■ TASK TO COMPLETE ■
In the data below, find the line containing "高中地理_地球上大气单元测试卷人教版必修一_第1页" and the line containing "HTC - HTC Over-Ear", then reproduce them and every line between, exactly. Omit pictures.

■ SOURCE DATA ■
##########

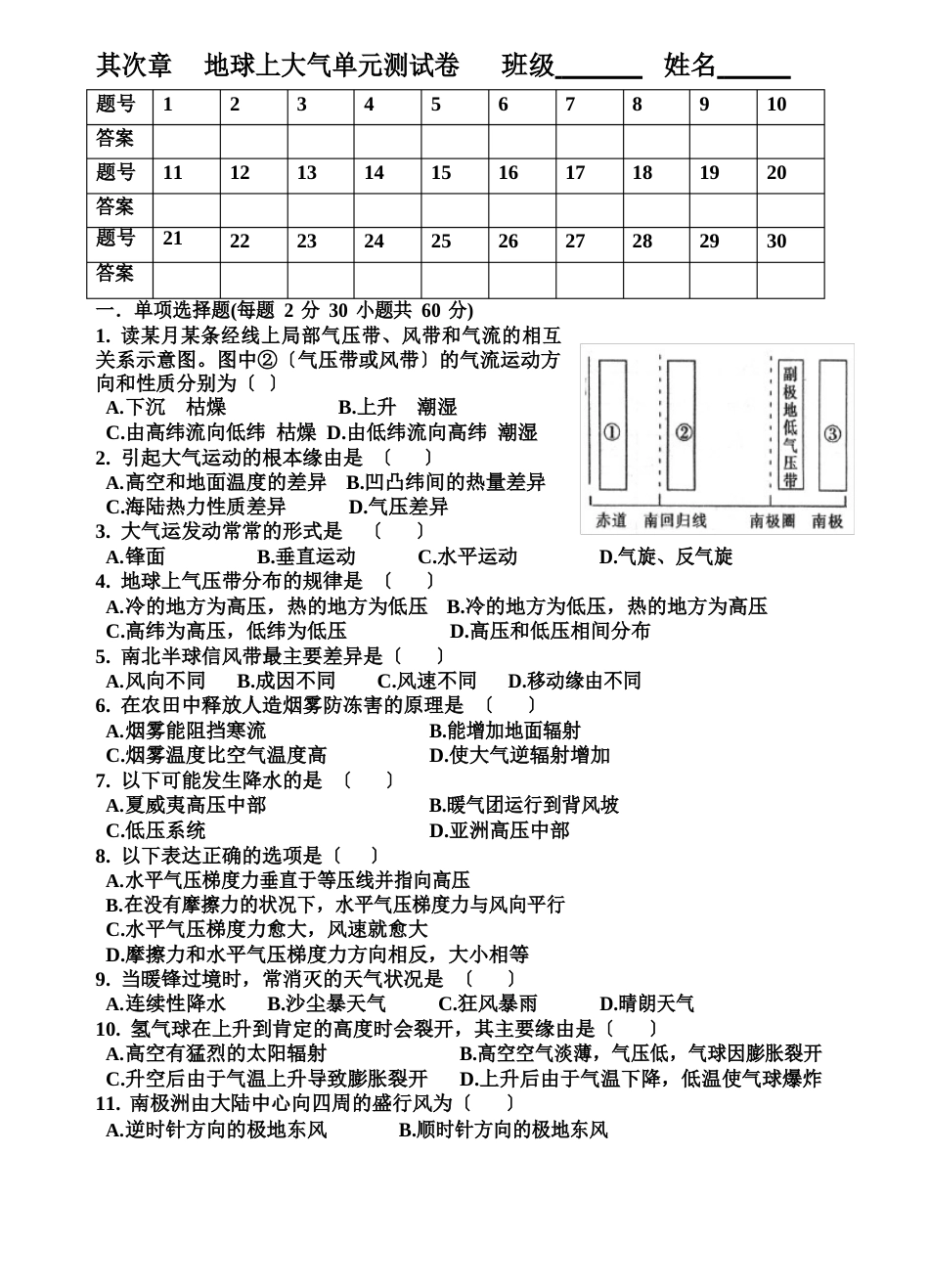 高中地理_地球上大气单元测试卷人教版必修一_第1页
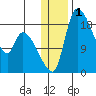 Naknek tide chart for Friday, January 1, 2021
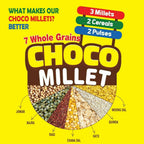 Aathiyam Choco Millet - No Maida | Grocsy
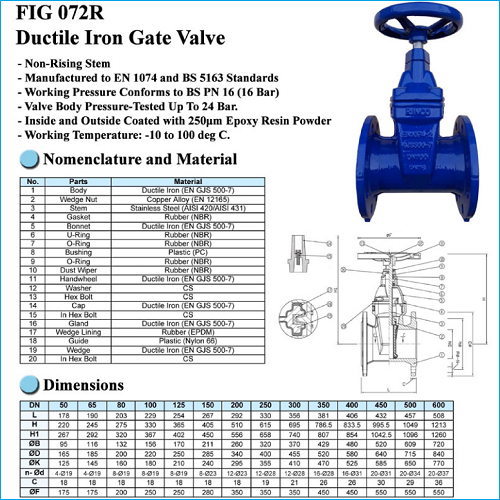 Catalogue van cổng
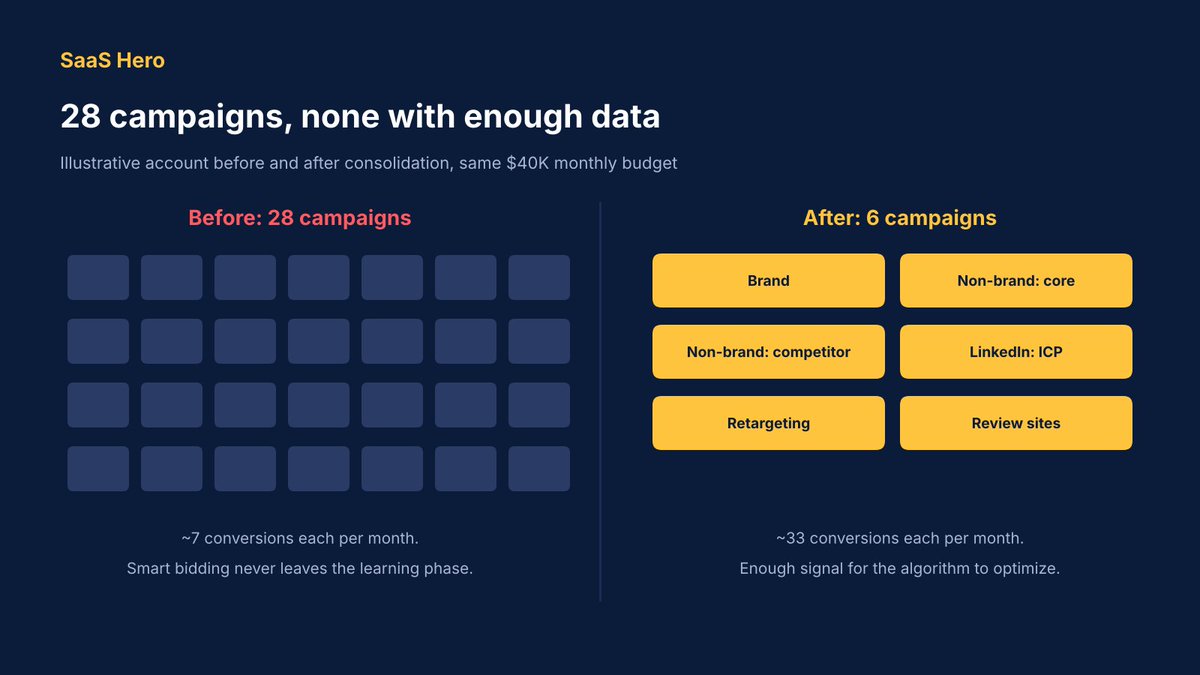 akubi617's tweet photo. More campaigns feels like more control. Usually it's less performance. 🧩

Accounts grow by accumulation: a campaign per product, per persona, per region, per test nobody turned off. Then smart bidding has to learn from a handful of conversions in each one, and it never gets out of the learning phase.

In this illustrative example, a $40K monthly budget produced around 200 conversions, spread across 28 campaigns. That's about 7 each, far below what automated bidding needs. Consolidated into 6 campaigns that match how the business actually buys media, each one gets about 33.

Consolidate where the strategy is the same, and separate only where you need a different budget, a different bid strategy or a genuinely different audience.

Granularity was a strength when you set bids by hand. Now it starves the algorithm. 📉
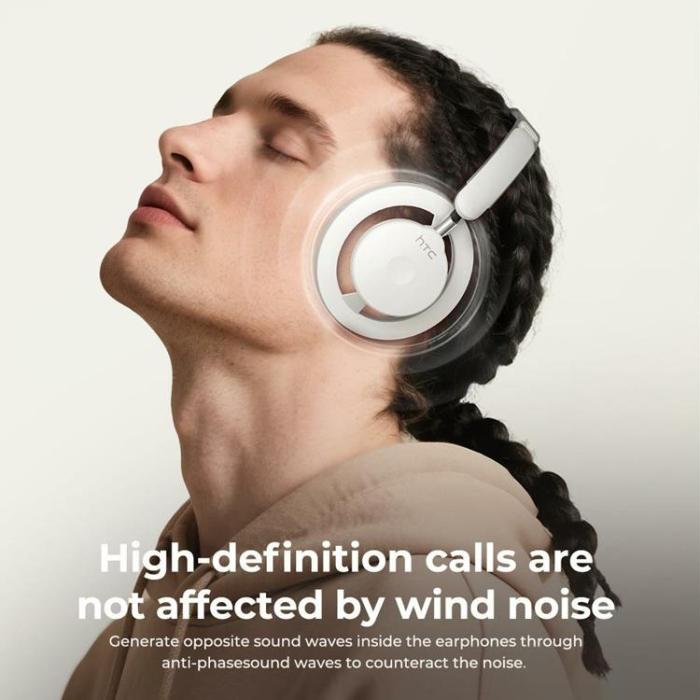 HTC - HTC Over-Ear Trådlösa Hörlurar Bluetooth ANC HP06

##########

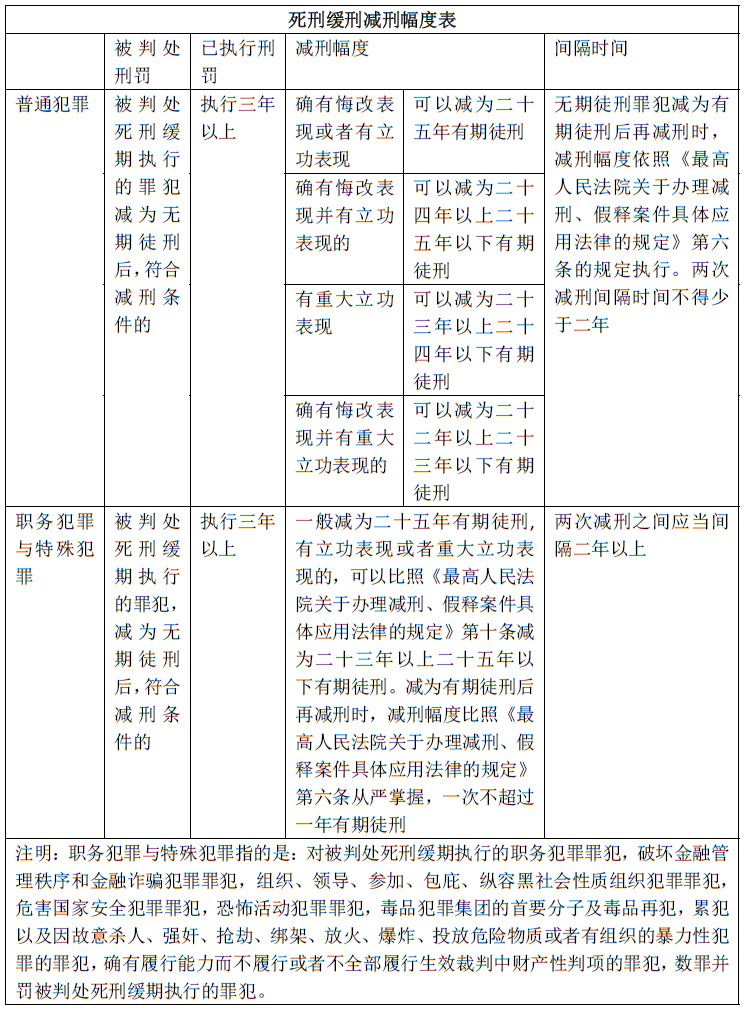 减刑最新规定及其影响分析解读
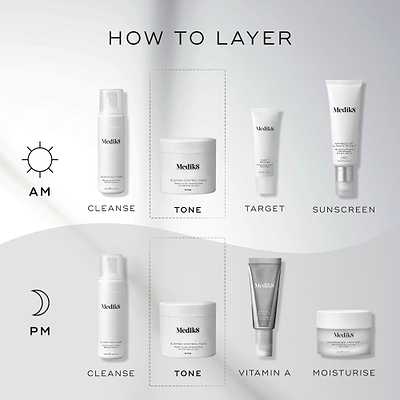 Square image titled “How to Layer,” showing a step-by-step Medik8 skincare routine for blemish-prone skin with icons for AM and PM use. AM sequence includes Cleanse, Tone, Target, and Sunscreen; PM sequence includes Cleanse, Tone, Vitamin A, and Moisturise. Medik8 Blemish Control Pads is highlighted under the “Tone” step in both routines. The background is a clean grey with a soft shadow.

##########

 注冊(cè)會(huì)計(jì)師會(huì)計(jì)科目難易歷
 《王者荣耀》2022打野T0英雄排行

##########

■ ANSWER TO THIS EXERCISE ■
 高中地理_地球上大气单元测试卷人教版必修一_第1页
 Naknek tide chart for Friday, January 1, 2021
 Aathiyam Choco Millet - No Maida | Grocsy
 Catalogue van cổng
 akubi617's tweet photo. More campaigns feels like more control. Usually it's less performance. 🧩

Accounts grow by accumulation: a campaign per product, per persona, per region, per test nobody turned off. Then smart bidding has to learn from a handful of conversions in each one, and it never gets out of the learning phase.

In this illustrative example, a $40K monthly budget produced around 200 conversions, spread across 28 campaigns. That's about 7 each, far below what automated bidding needs. Consolidated into 6 campaigns that match how the business actually buys media, each one gets about 33.

Consolidate where the strategy is the same, and separate only where you need a different budget, a different bid strategy or a genuinely different audience.

Granularity was a strength when you set bids by hand. Now it starves the algorithm. 📉
 HTC - HTC Over-Ear Trådlösa Hörlurar Bluetooth ANC HP06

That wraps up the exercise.